STORED DATA:
--- --- ---

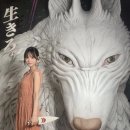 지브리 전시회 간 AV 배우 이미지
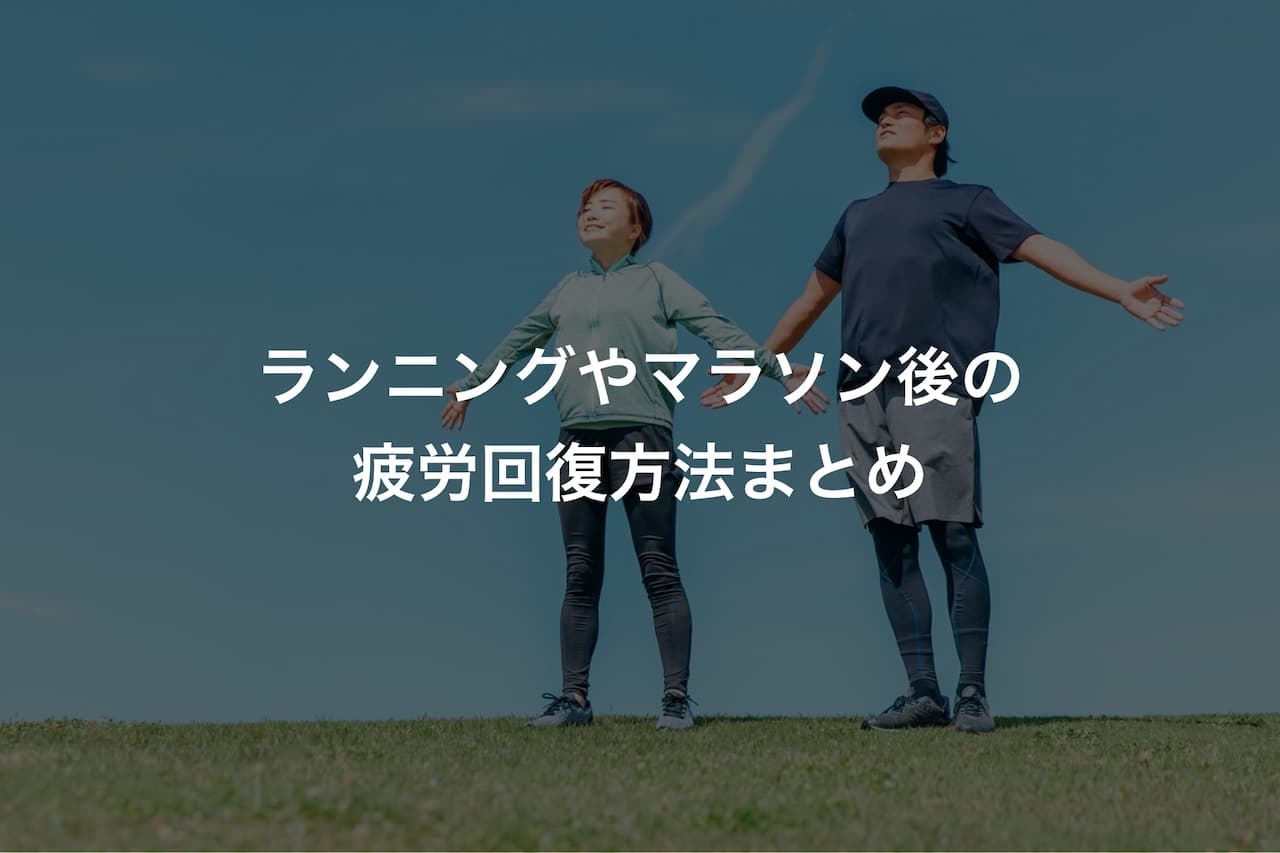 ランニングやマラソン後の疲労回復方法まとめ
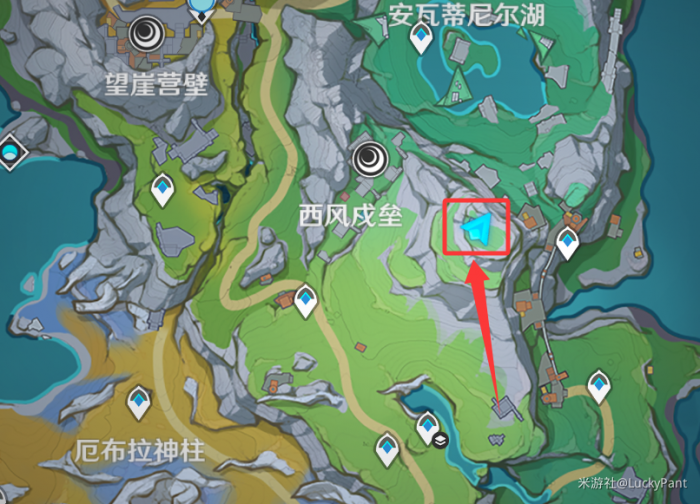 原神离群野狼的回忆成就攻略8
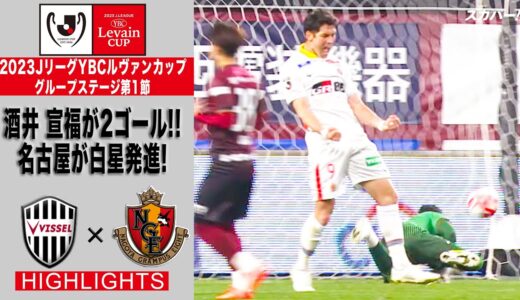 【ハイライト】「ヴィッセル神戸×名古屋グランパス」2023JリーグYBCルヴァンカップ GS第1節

--- --- ---

WHAT IS BEING ASKED:
Please reproduce only the lines from the one holding "ランニングやマラソン後の疲労回復方法まとめ" through the final line of the listing above, both included, with each picture left out.

WRITTEN REPLY:
 ランニングやマラソン後の疲労回復方法まとめ
 原神离群野狼的回忆成就攻略8
 【ハイライト】「ヴィッセル神戸×名古屋グランパス」2023JリーグYBCルヴァンカップ GS第1節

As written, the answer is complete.